Steven van Rijswijk's estimated net worth falls in the range of $15 million to $30 million USD, based on documented executive compensation at ING Group and publicly disclosed shareholdings. That range is conservative and methodology-driven, not a guess pulled from a celebrity database. Here is exactly how we get there, what we know for certain, and what remains speculative.
Steven van Rijswijk Net Worth: Estimate, Sources, and How to Verify
Who exactly is Steven van Rijswijk?

There is only one high-profile Steven van Rijswijk worth discussing in this context: the CEO and Chairman of the Executive Board at ING Group, one of the largest financial services companies in the world. Born in 1970, he took the CEO role in July 2020, succeeding Ralph Hamers. ING's official profile page, the company's SEC filings (Form 20-F), and his LinkedIn profile all consistently confirm the same individual: a career ING banker with close to 30 years at the institution. If you cross-reference ING's CEO profile (born 1970, CEO since July 2020) with the shareholding tables in the Form 20-F filings that explicitly read 'Steven van Rijswijk (CEO),' there is no ambiguity about identity.

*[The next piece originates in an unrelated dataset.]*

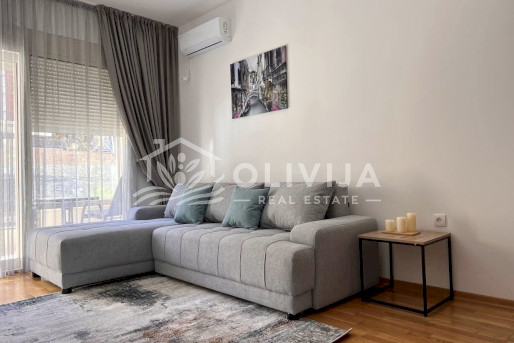 Квартира с 2-мя спальнями в престижном комплексе в Бечичи, Черногория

He is not a minor public figure or a mid-level professional who shares the same name. He leads a global bank with hundreds of billions in assets. That matters for net-worth estimation because it means there are actual regulatory filings, audited annual reports, and mandatory remuneration disclosures that ground the numbers in primary-source evidence rather than speculation.
What the net worth estimate actually includes
Net worth is assets minus liabilities. For a European banking executive, most of the documented asset side comes from two places: accumulated cash compensation (salary plus variable pay) over a career, and equity holdings in the employer company. For Steven van Rijswijk, both of those are partially visible through public records. What is not visible, and therefore excluded from any honest estimate, includes private real estate (no public property records have been tied to him in available sources), private investments outside ING shares, family trusts or offshore structures, and any liabilities such as mortgages or personal loans. We work with what is documented.

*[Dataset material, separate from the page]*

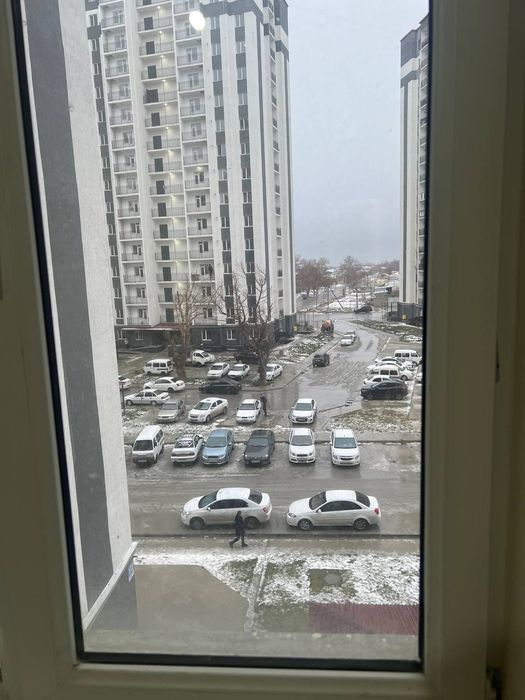 Срочно продаётся 3 комната 68м² на 6 этаже лифт имеется Айрапорт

The methodology used here follows a standard approach for reconstructing executive net worth from public-company disclosures: (1) use remuneration tables from annual reports as the income floor, (2) convert disclosed share holdings into a market-value figure using publicly available ING share prices, (3) apply a conservative savings/retention assumption to accumulated cash compensation, and (4) clearly mark any inference as an estimate rather than a confirmed fact.
His career path and how earnings built over time

Van Rijswijk joined ING in the mid-1990s and worked through the ranks in M&A and equity capital markets from approximately 1995 to 2010. From 2010 to 2012 he headed capital structuring and advisory, then moved to global head of corporate clients (2012 to 2014), then global head of wholesale banking client coverage (2014 to 2017). In 2017 he was appointed Chief Risk Officer and joined the Executive Board, which is when his compensation would have stepped up meaningfully. He became CEO in July 2020.
The reason the career timeline matters for net worth is that senior bank executives in Europe accumulate wealth in phases. The pre-board years (1995 to 2017) would have generated solid but not exceptional compensation, consistent with senior wholesale banking roles at a major European institution. The Chief Risk Officer period (2017 to 2020) marks the first phase of fully disclosed, board-level remuneration. The CEO period from 2020 onward is where the largest documented pay figures appear, and those are the numbers we can actually verify through ING's Form 20-F filings with the SEC.
Documented income sources
- Fixed base salary as CEO of ING Group (disclosed annually in Form 20-F remuneration tables)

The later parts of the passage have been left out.